Retype the listing exactly, minus its pictures.

- [Dataset content]
..........
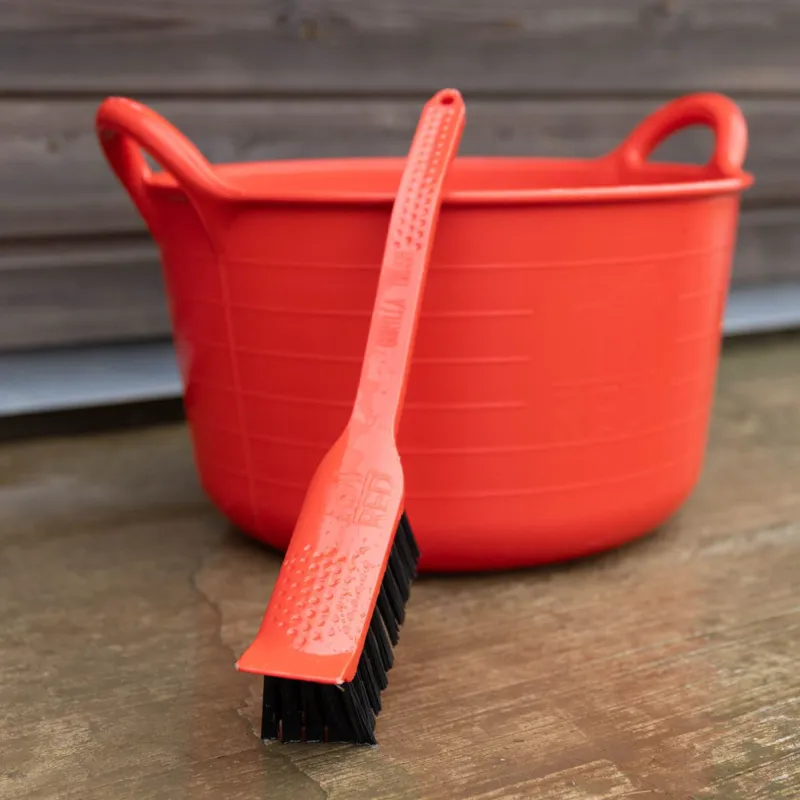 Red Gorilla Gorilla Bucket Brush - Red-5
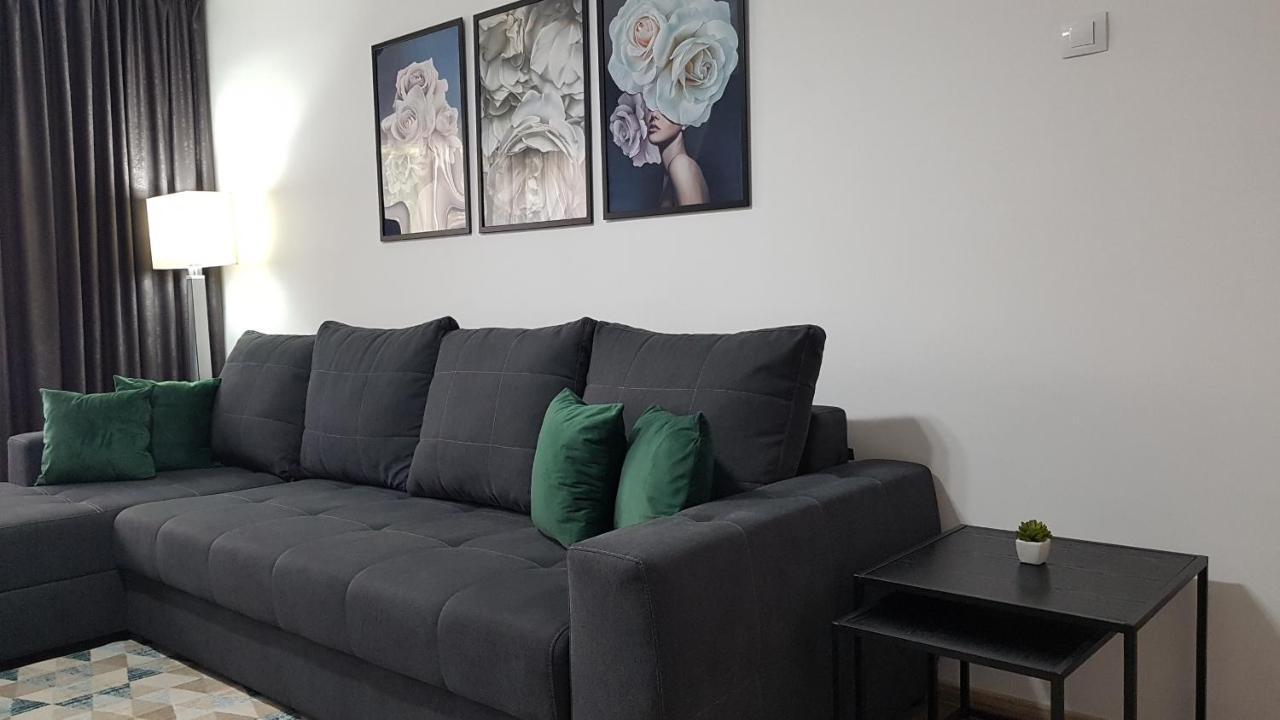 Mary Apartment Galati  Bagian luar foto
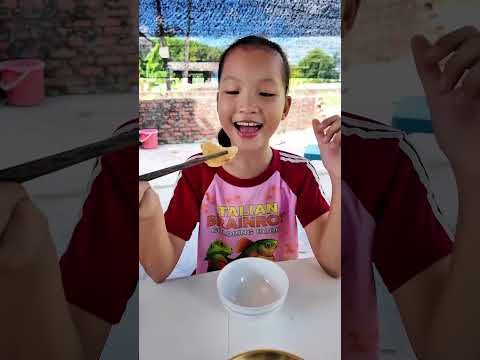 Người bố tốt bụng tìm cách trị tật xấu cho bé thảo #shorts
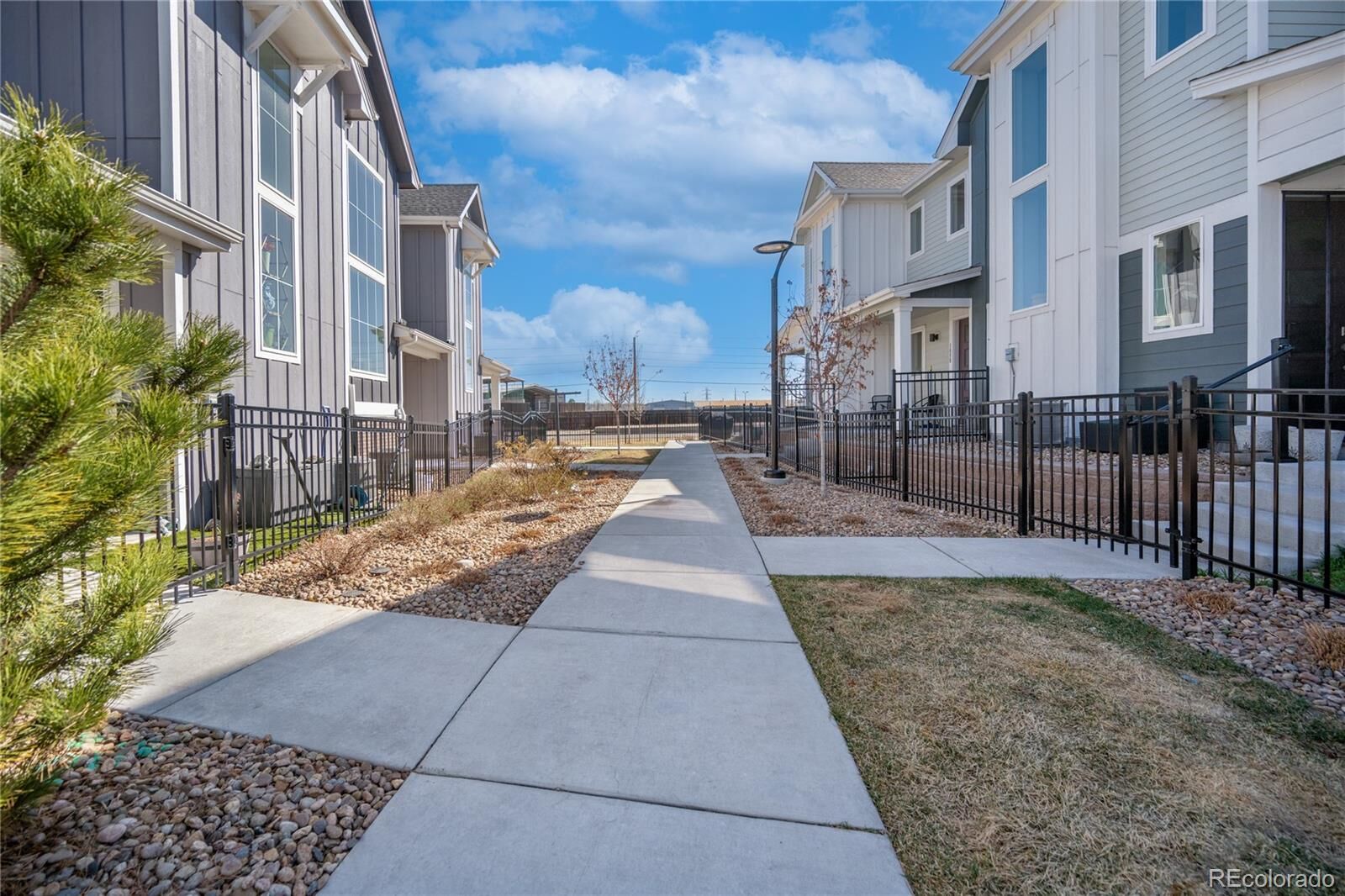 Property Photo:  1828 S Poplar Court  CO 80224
..........
- [Reply to the exercise]
 Red Gorilla Gorilla Bucket Brush - Red-5
 Mary Apartment Galati  Bagian luar foto
 Người bố tốt bụng tìm cách trị tật xấu cho bé thảo #shorts
 Property Photo:  1828 S Poplar Court  CO 80224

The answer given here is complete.